[Image-text web data]
▼

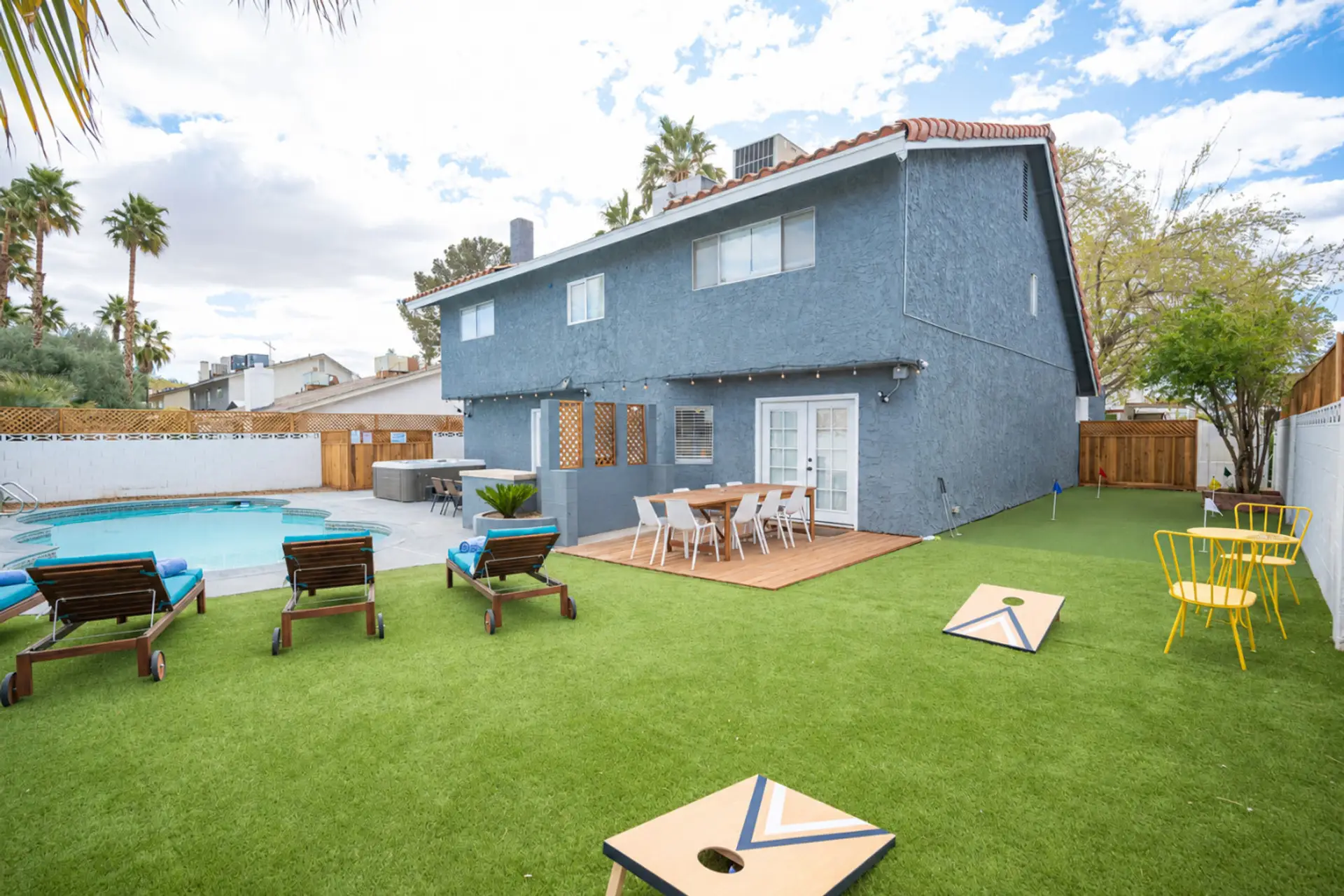 Back yard is full of surprises - Beautiful Pool, Hot tub, Mini golf, Corn Hole, BBQ Grill, Outdoor dining and more...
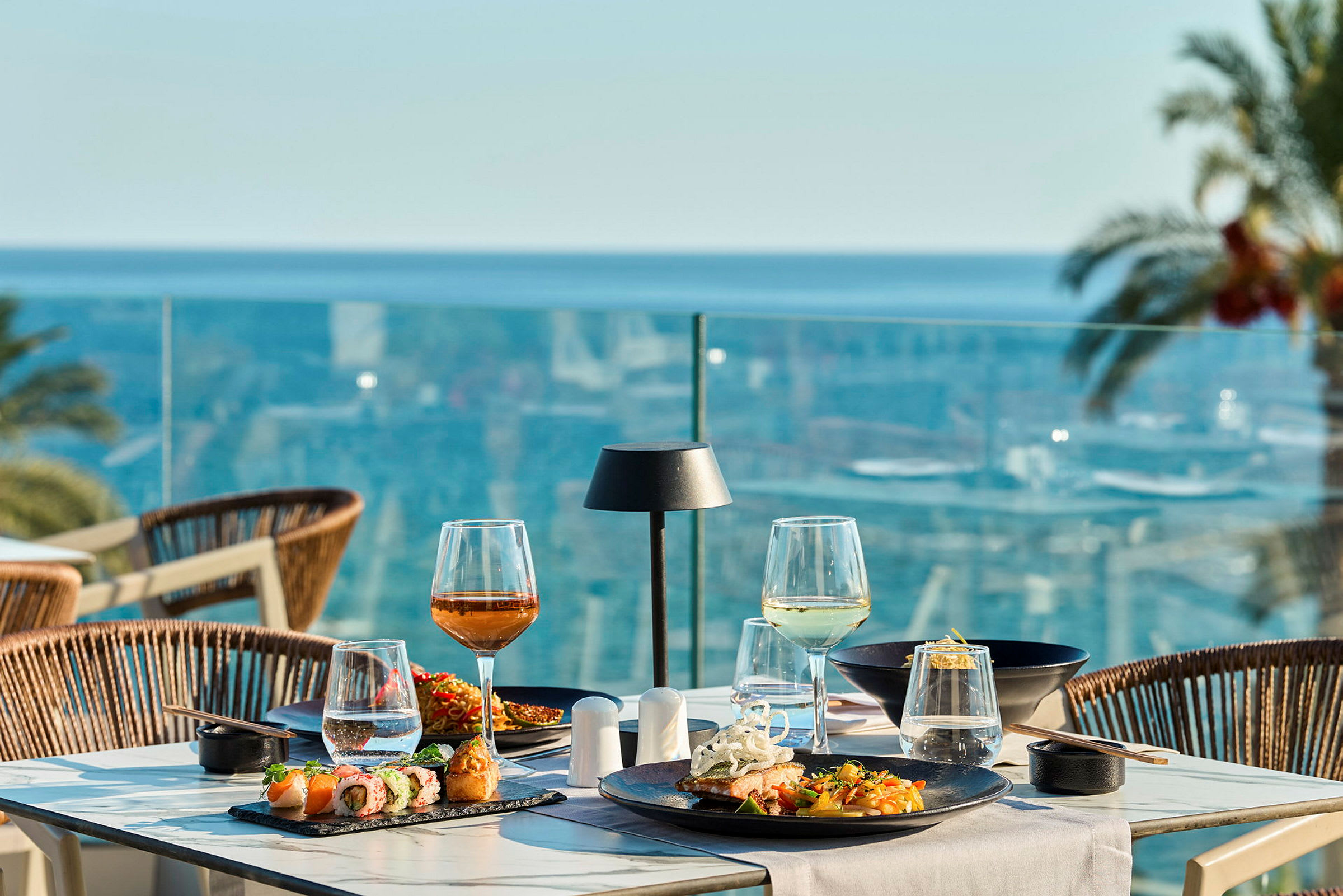 Et dekket bord med mat og drikke på en terrasse med utsikt over havet. (AI-generert tekst)
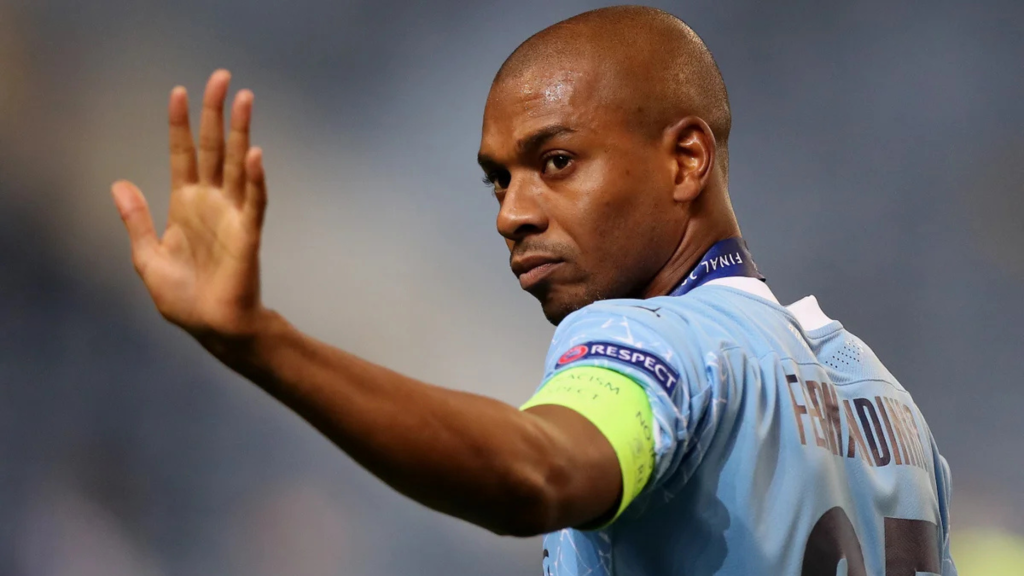 Backview of Fernandinho waving goodbye while playing for Manchester City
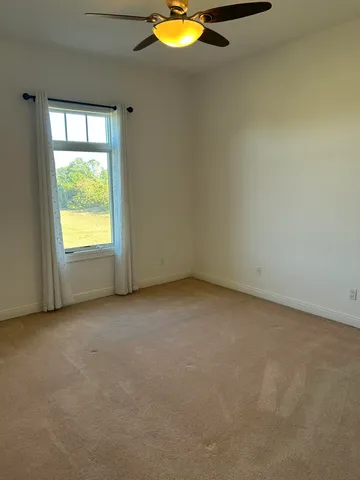 an empty room with a window and fireplace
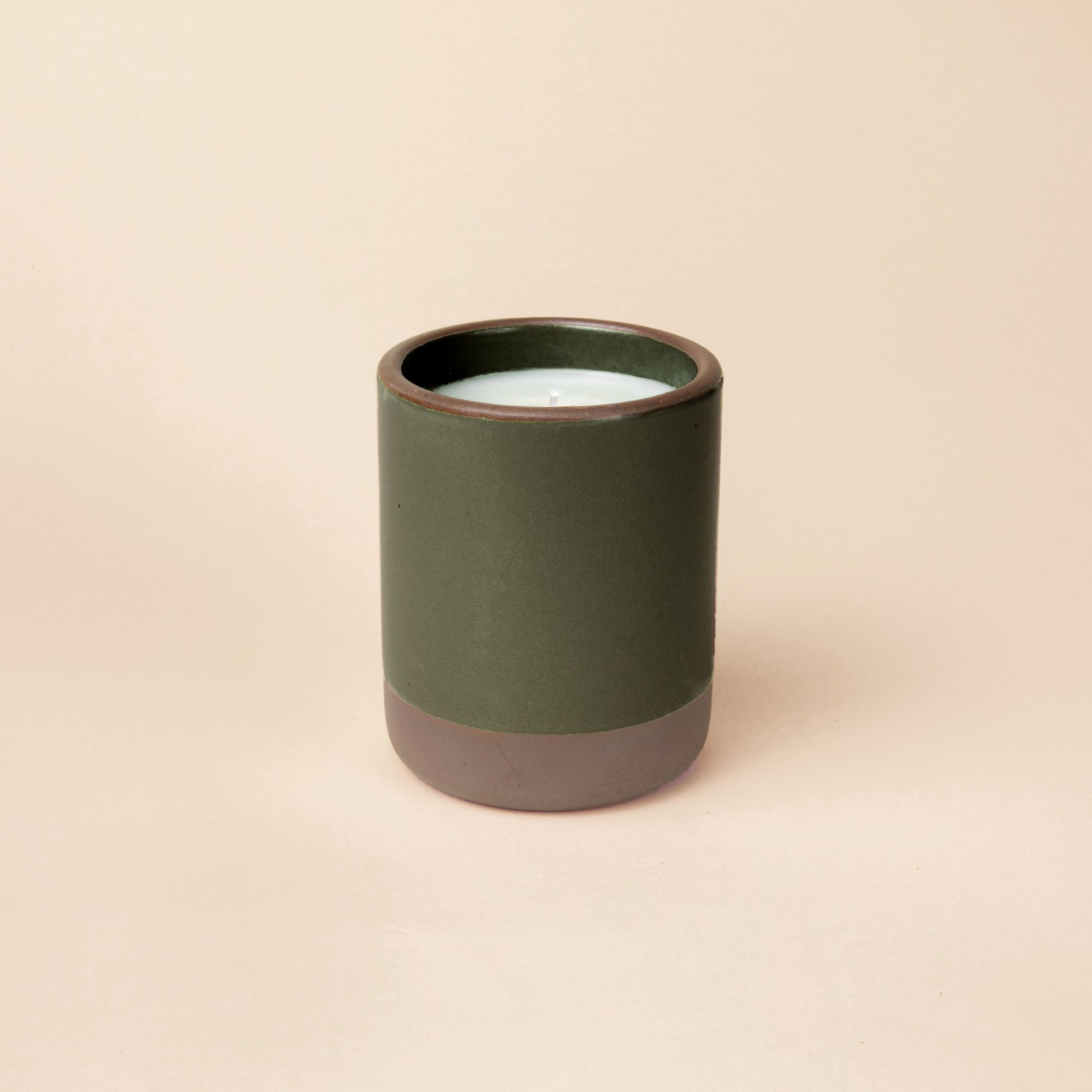 A candle in a large ceramic vessel dipped in a dark forest green color.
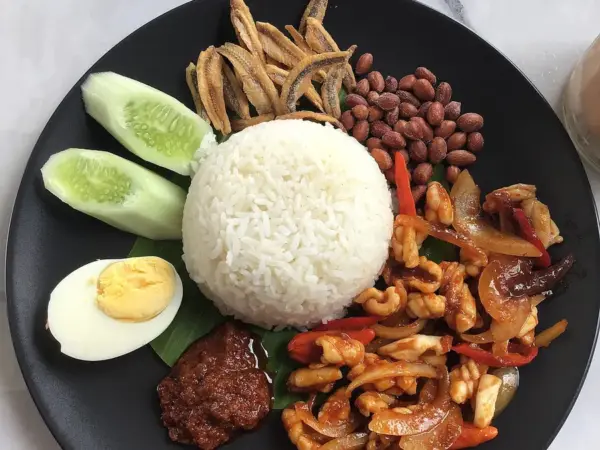 Nasi lemak with sambal, egg, peanuts and anchovies
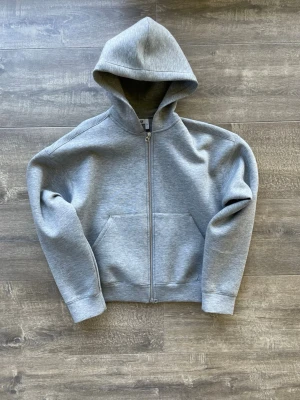 Grå hoodie med dragkedja från Weekday - Grå hoodie från Weekday i storlek S. Tröjan har dragkedja med 2 olika zippar på plus en stor huva och är en allmänt skön tröja. Modellen heter ”weekday scuba”. Skriv vid frågor! Nypris är 650kr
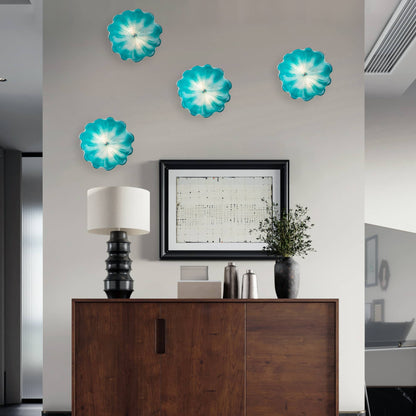 Four hand-blown aqua glass wall art pieces arranged in a group above a dark wood console table.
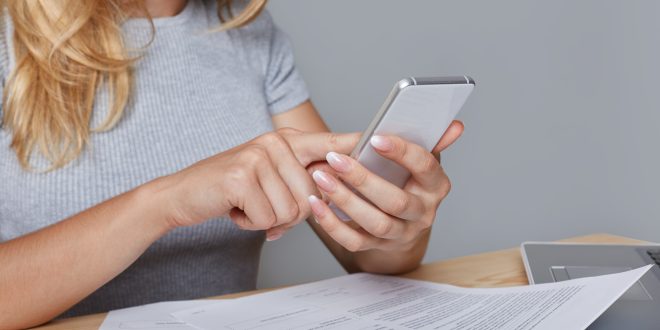 unrecognizable woman holds modern mobile phone hands sits work table surrounded with documents laptop pencil calculator downloads necessary information from internet job technology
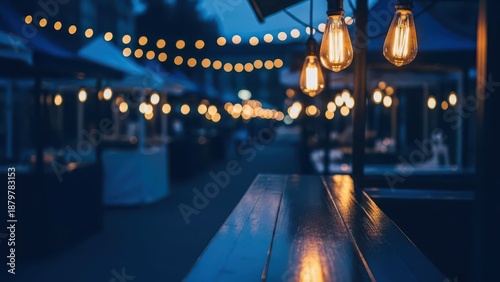 Warm glow of string lights illuminating a vibrant evening market scene, creating a festive outdoor ambiance with blurred background details and cozy wooden foreground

▲

§ **PROBLEM**:
In the records above, find the line containing "A candle in" and restate it and every line after it word for word, all pictures excluded.

§ **EXERCISE OUTPUT**:
 A candle in a large ceramic vessel dipped in a dark forest green color.
 Nasi lemak with sambal, egg, peanuts and anchovies
 Grå hoodie med dragkedja från Weekday - Grå hoodie från Weekday i storlek S. Tröjan har dragkedja med 2 olika zippar på plus en stor huva och är en allmänt skön tröja. Modellen heter ”weekday scuba”. Skriv vid frågor! Nypris är 650kr
 Four hand-blown aqua glass wall art pieces arranged in a group above a dark wood console table.
 unrecognizable woman holds modern mobile phone hands sits work table surrounded with documents laptop pencil calculator downloads necessary information from internet job technology
 Warm glow of string lights illuminating a vibrant evening market scene, creating a festive outdoor ambiance with blurred background details and cozy wooden foreground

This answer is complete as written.